= G. E. C. Wakefield =

Anglo-Indian civil servant and Prime Minister of Jammu and Kashmir

George Edward Campbell Wakefield (16 April 1873 – 9 March 1944) was an Anglo-Indian civil servant who served as Prime Minister of Jammu and Kashmir between 1929 and 1931.

==Biography==
Wakefield was born in Multan, Bengal, British India to George Edward Wakefield and his second wife, Adelaide ("Ada") Ruth Mary Allsop. His paternal grandmother was Indian or Bengali and converted to Christianity, taking the name Maria Suffolk.

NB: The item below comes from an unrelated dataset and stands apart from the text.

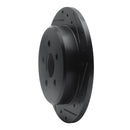R1 03-10 Chrysler PT Cruiser Rear Right Drilled & Slotted Black Brake Rotor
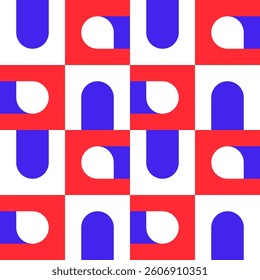 Abstract geometric seamless pattern. Minimalist geometrical ornament, puzzle design. Vector illustration.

He joined the British Indian Civil Service and served as an Assistant Engineer in the Irrigation Department of Punjab from 1892; held various posts in Udaipur from 1903 to 1909; served in the government of the Nizam of Hyderabad from 1910 to 1921 as irrigation settlement officer, deputy Director General of Revenue, as director general of Commerce and Industries and then as personal secretary to the Nizam. Wakefield was awarded the Kaisar-i-Hind Medal of the British Raj for public service in India in 1901.

From 1921 Wakefield served in the government of Jammu and Kashmir and was Prime Minister between 1929 and 1931. He was replaced by Hari Kishan Kaul under controversial circumstances.

In 1931, nearing retirement, Wakefield established a citrus orchard at Khanpur, Rawalpindi, importing plants from Florida, California, South Africa and Australia. In December 2016 the orchard was being advertised as a prestige development under the name "Wakefield Gardens".

In 1942 he published a memoir, Recollections : 50 years in the service of India (Lahore: Civil and Military Gazette).

He died in Rawalpindi, aged 70.

==Honours==
Wakefield was appointed an Officer of the Order of the British Empire (OBE) in the 1918 Birthday Honours, being described in the London Gazette when he was Director-General of Revenue, His Exalted Highness the Nizam's Government, Hyderabad, Deccan. He was appointed a Companion of the Order of the Indian Empire (CIE) in the 1928 Birthday Honours, when he was described as Police and Public Works Minister, Jammu and Kashmir State.